Between that time and 1982, Clements explored the intricacies of surfactant in the human lung, using his research knowledge to consult with clinicians about how best to care for premature infants. It was during this time that one of the nation’s first intensive care nurseries was developed at UCSF, with expert input from Clements.
“I consulted on the research aspects of neonatal care, especially in terms of physiology and basic science,” he says. “We brought many supportive measures — blood transfusions, artificial oxygenation and others developed in adult intensive care — to bear on the problems of sick newborns.” Other universities including Columbia University and Vanderbilt University also were introducing these types of facilities, Clements says.
Around 1980, a Japanese pediatrician, Tetsuro Fujiwara, created an artificial surfactant from cow lungs and found it worked well in 10 infants with RDS. Clinicians from the Specialized Center of Research on Pulmonary Disease at UCSF asked Clements what surfactant he would advise for a larger clinical trial. Clements, who was a little concerned about putting animal materials into human lungs, told them that he would design a synthetic substitute for them. Two weeks later, he presented a substance named Exosurf.
Clement’s synthetic surfactant was licensed by Burroughs-Wellcome in 1986. Clements says a friend persuaded the pharmaceutical company, now GlaxoSmithKline, to take a look at the substance. The company shepherded the product Through the U.S. Food and Drug Administration approval process, from pre-clinical work through human clinical trials.
But it wasn’t an easy road to market. According to the University of California Office of Technology Transfer, the Exosurf invention was disclosed just before the passage of the Bayh-Dole Act in 1980, meaning the university had no legal right to license it. And the preference of the National Institutes of Health for non-exclusive licensing was incompatible with the company’s need for exclusivity.
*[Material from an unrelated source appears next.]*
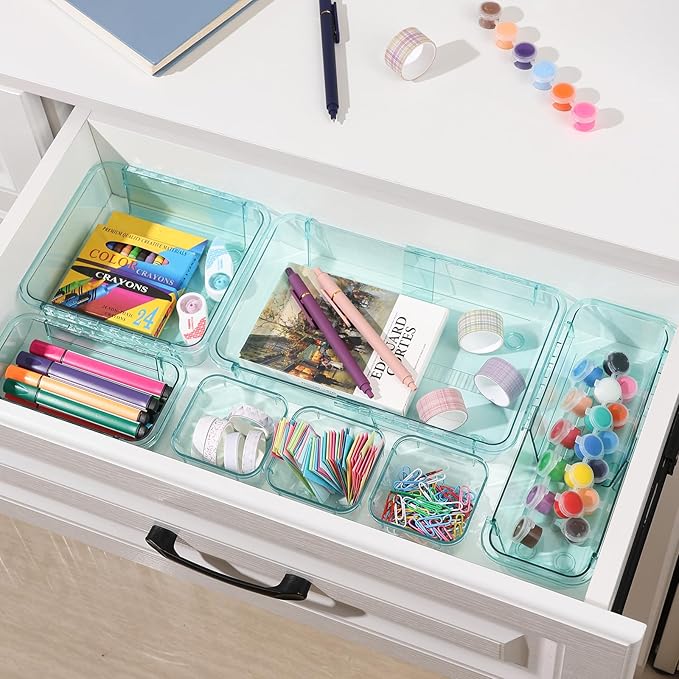 20 Pcs Adjustable Clear Drawer Organizer, Extendable Vanity Storage Bins, Desk Drawer Organizer Set for Makeup, Cosmetics, Bedroom, and Gadgets, Blue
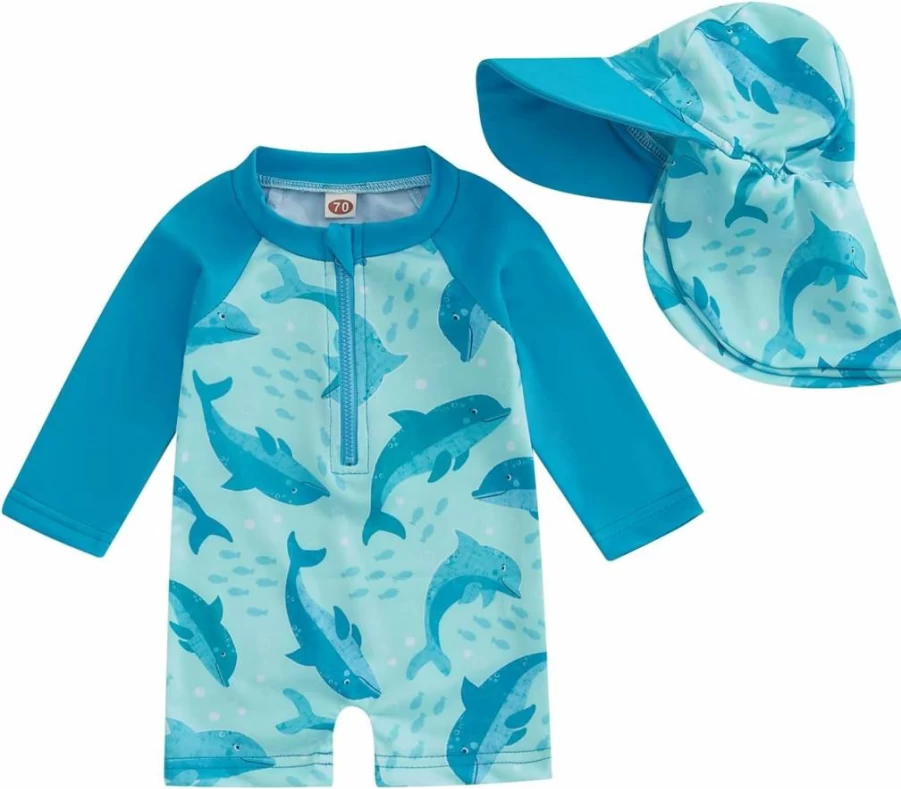 Hnyenmcko Boys Rash Guard Swimsuits Long Sleeve One-Piece Zipper Sun Protection Swimwear for Baby Toddler Infant Beach Pool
So several years of negotiation ensued before the university could offer exclusive rights.
Trials Showed the Impact Was Immediate
When Exosurf finally went into human clinical trials, the impact of the drug on the welfare of newborn babies was immediate. “During the first trials of Exosurf, infant mortality was reduced one-half to one-quarter of what it was with the standard treatment,” Clements says.
Exosurf, and other surfactant substitutes developed more recently, have contributed to a dramatic drop in the infant mortality rate in this country and around the world. Between 1988 and 1993, infant mortality in the United States dropped by 16 percent — a remarkable decline in such a short time frame.
In honor of their achievements, Clements and the Burroughs-Wellcome scientists who assisted in the development of the drug received the 1997 Discoverers Award from the Pharmaceutical Research and Manufacturers of America, a membership organization dedicated to the research and introduction of new medicines.